Section 119 of the Road Traffic Regulations, Legislative Instrument (LI) 2180, prohibits the use of vehicles without seatbelts in the country.

It states, “A person shall not drive a motor vehicle unless the motor vehicle is fitted with seatbelts.”

Indeed, the law was passed by Parliament in 2012, but gave a two-year grace period which elapsed this year, hence the DVLA’s decision to enforce it.

The purpose of this law is to drastically reduce the number of deaths during accidents on our roads, especially involving commercial vehicles such as ‘trotros’ and inter-city transport services.

It is a fact that the majority of the fatalities on the roads are largely due to the lack of seatbelts on the vehicles, or the failure by passengers to use those available.

According to the DVLA, its aim is to achieve about 50 per cent reduction in deaths and serious injuries associated with vehicle accidents by 2020.

The Times fully supports the action by the DVLA, and encourages all motorists to comply to ensure the protection of passengers and prevent the loss of precious lives during road crashes.

We are however, concerned about the process adopted by the DVLA to enforce the law.

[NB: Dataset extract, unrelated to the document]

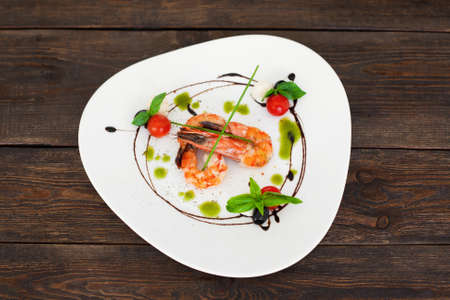 Dish of tasty grilled shrimps flat lay, copyspace. Top view on white triangle plate with fried prawns, decorated by chef at restaurant, on dark wooden background, flat layの写真素材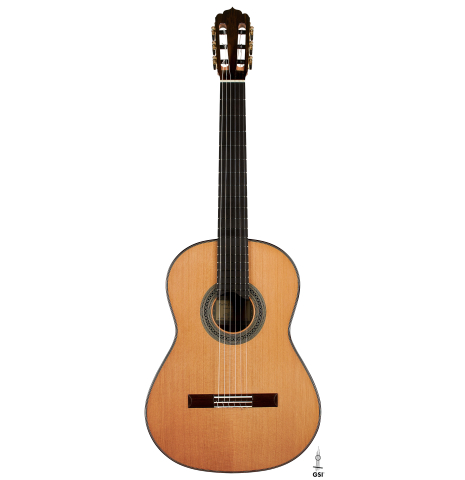 The front of a 2024 Carlos Juan Busquiel classical guitar made with cedar and CSA rosewood shown on a white background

The Times holds that since the law was promulgated in 2012, the DVLA had ample time not only to conduct the necessary public education, but also put in place the structures and processes that would have ensured a smooth implementation.

Reports reaching the Times indicate, however, that the DVLA is yet to institute the appropriate mechanisms to minimise the challenges associated with its implementation.

Even though the enforcement of the law took effect on September 1, the DVLA has now scheduled workshops in October, to train mechanics in the fixing of the seatbelts, before the registration.

As a result, its officials have been rejecting commercial vehicles taken to its offices for registration, in some cases because the seatbelts have not been properly fitted.

It is instructive to note that since the implementation of the law began, no commercial vehicle had been registered as at last Friday, when the Times visited the premises of the DVLA in Accra.

We are alarmed that officials of the DVLA had gone to sleep after the law was passed two years ago, and expected everything to move on smoothly with the implementation.

We advise the officials to sit up, and straighten things to save members of the public the frustrations being encountered in trying to get their vehicles registered.